WHAT YOU NEED TO DO:
The line with "札幌　焼肉・韓国料理居酒屋　オモニの家: kanna03" marks the first line to copy, and the line with "Mug Helogran" marks the last. Transcribe that stretch of the data below exactly, without pictures.
--- RECORDED INFORMATION Enclosed Below ---
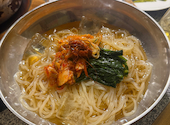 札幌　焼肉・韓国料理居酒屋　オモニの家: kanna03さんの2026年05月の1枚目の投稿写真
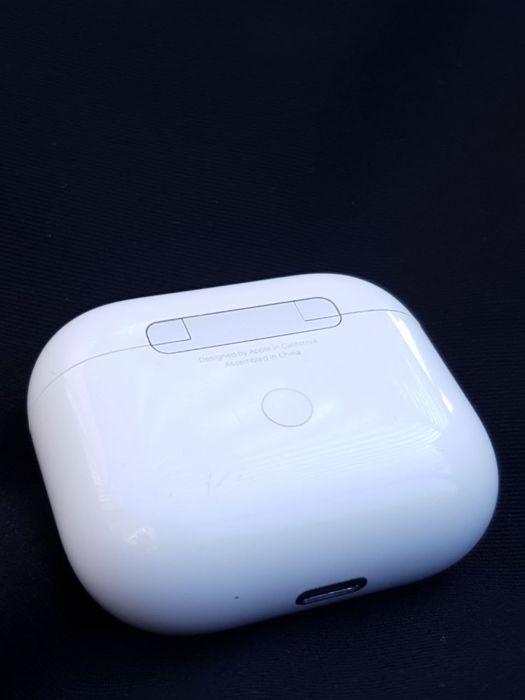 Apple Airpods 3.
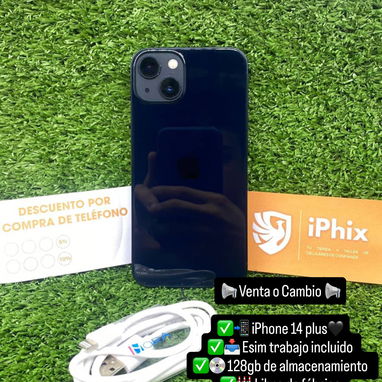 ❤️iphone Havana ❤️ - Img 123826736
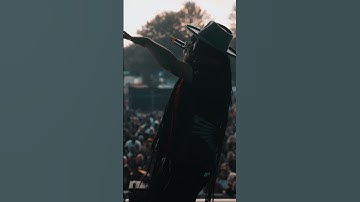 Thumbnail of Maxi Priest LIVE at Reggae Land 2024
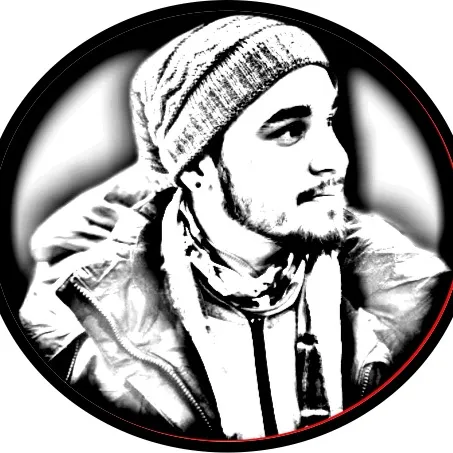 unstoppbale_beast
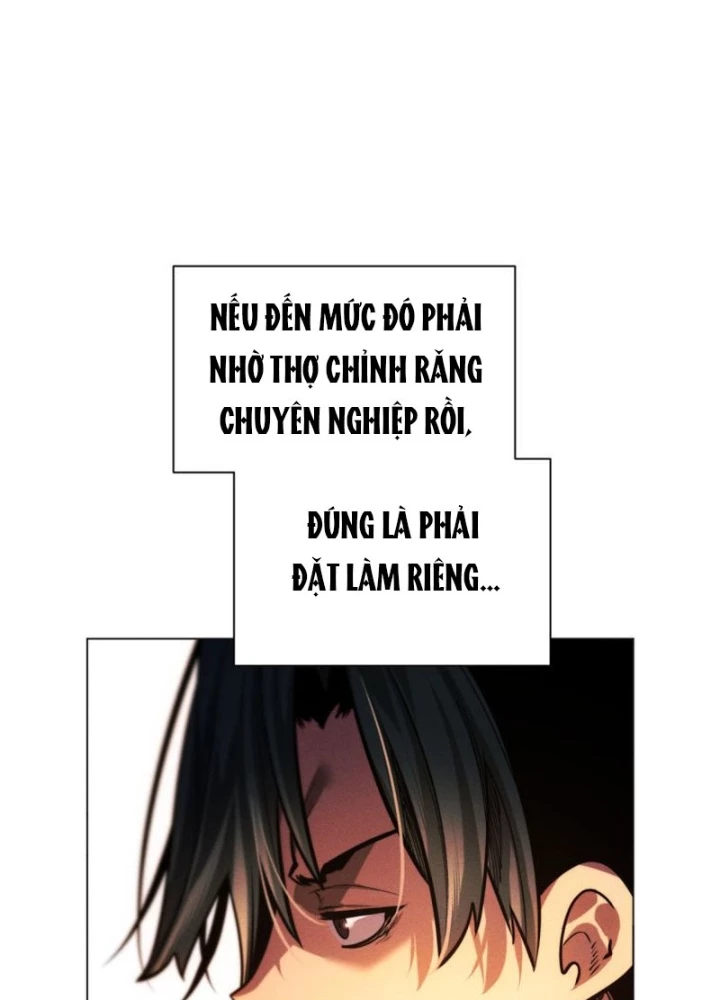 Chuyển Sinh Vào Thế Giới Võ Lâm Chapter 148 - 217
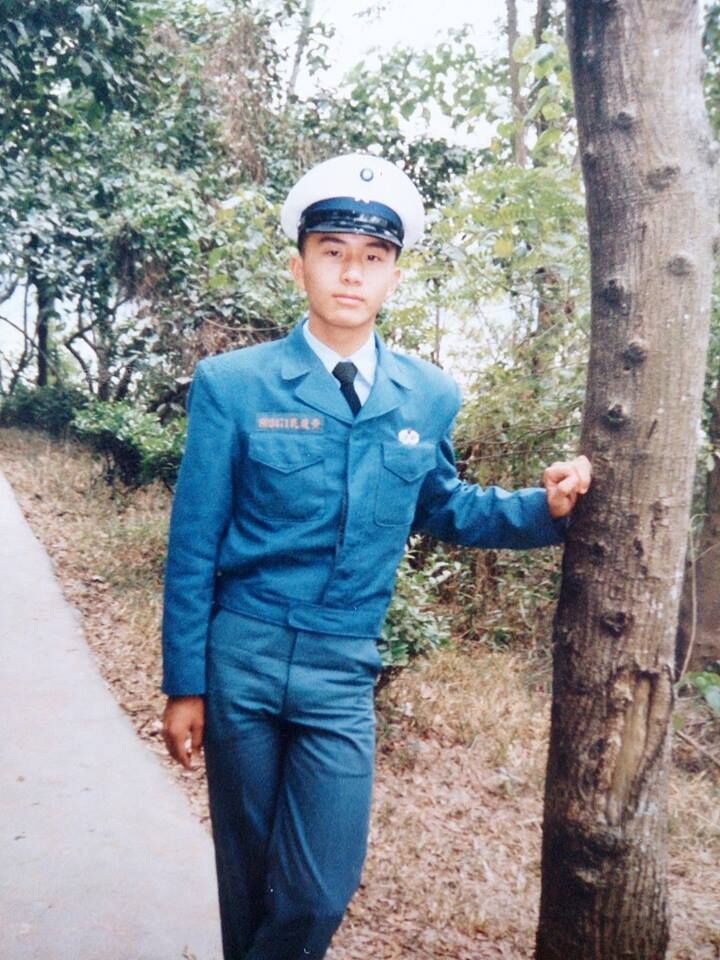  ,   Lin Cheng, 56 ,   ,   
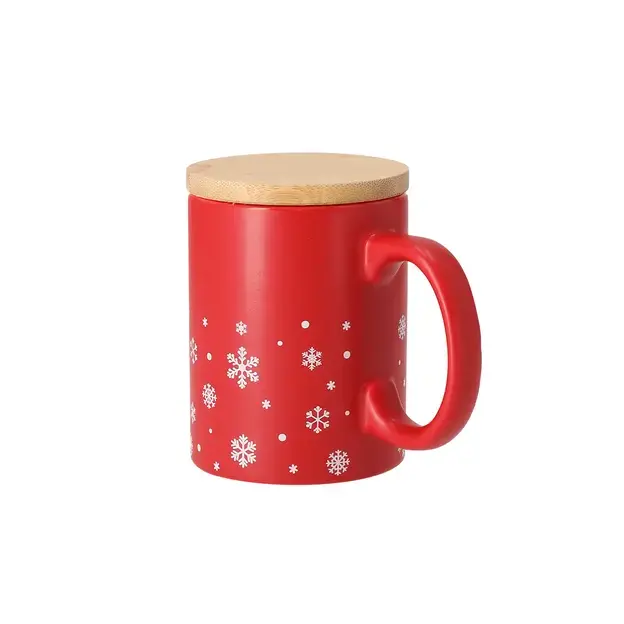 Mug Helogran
--- End of Enclosed RECORDED INFORMATION ---
--- RECORDED INFORMATION Enclosed Below ---
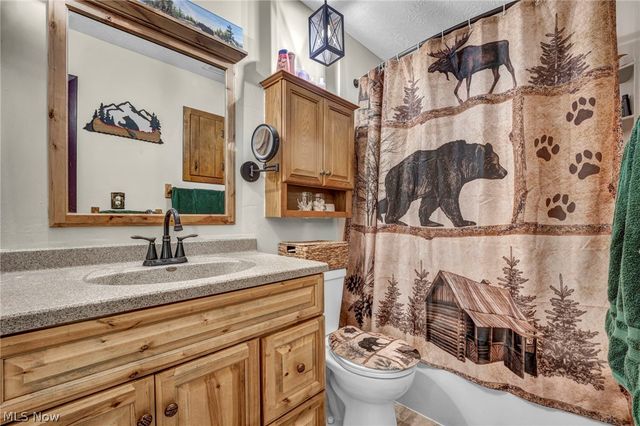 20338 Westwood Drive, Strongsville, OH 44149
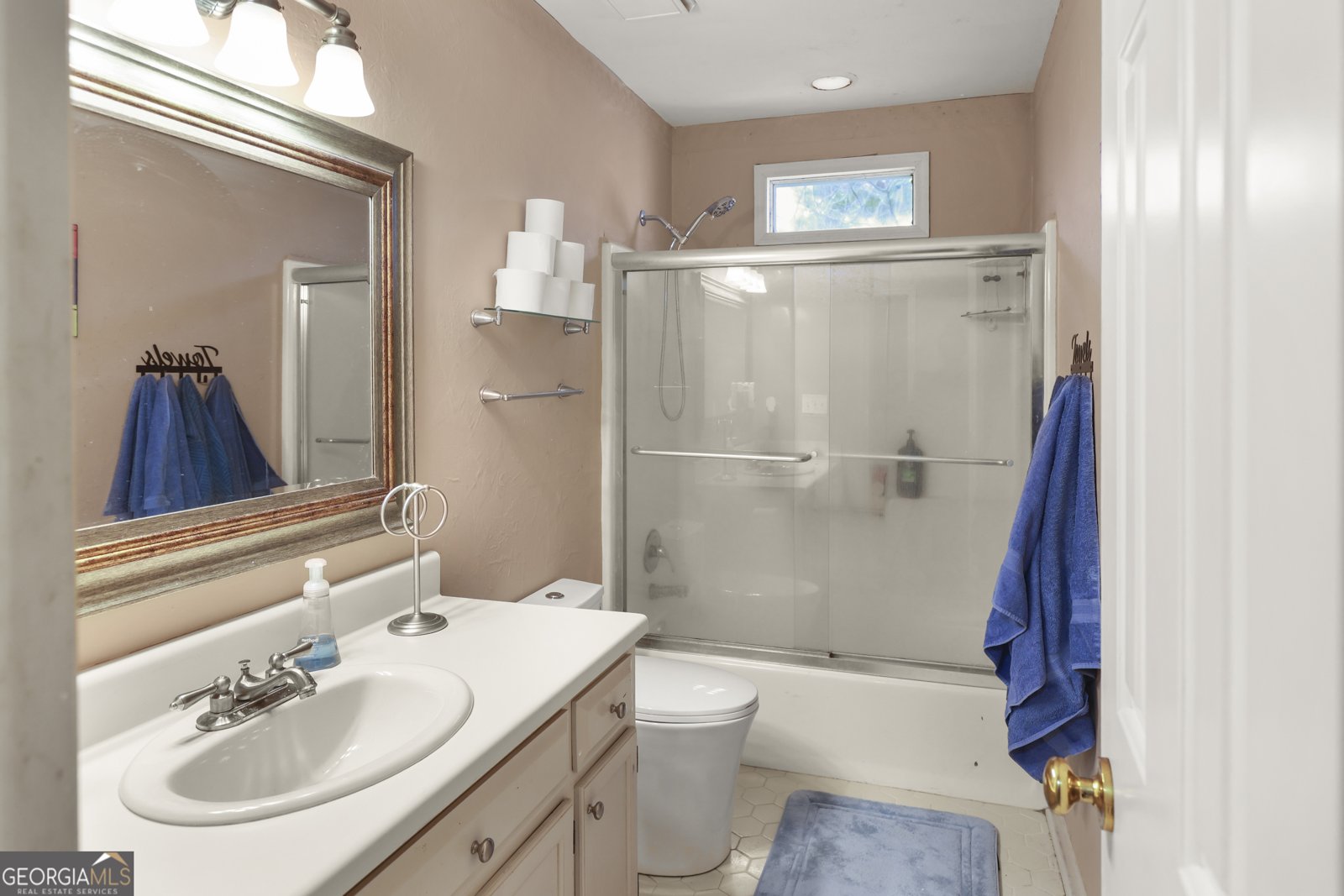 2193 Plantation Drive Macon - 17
--- End of Enclosed RECORDED INFORMATION ---
RESPONSE AREA:
 札幌　焼肉・韓国料理居酒屋　オモニの家: kanna03さんの2026年05月の1枚目の投稿写真
 Apple Airpods 3.
 ❤️iphone Havana ❤️ - Img 123826736
 Thumbnail of Maxi Priest LIVE at Reggae Land 2024
 unstoppbale_beast
 Chuyển Sinh Vào Thế Giới Võ Lâm Chapter 148 - 217
  ,   Lin Cheng, 56 ,   ,   
 Mug Helogran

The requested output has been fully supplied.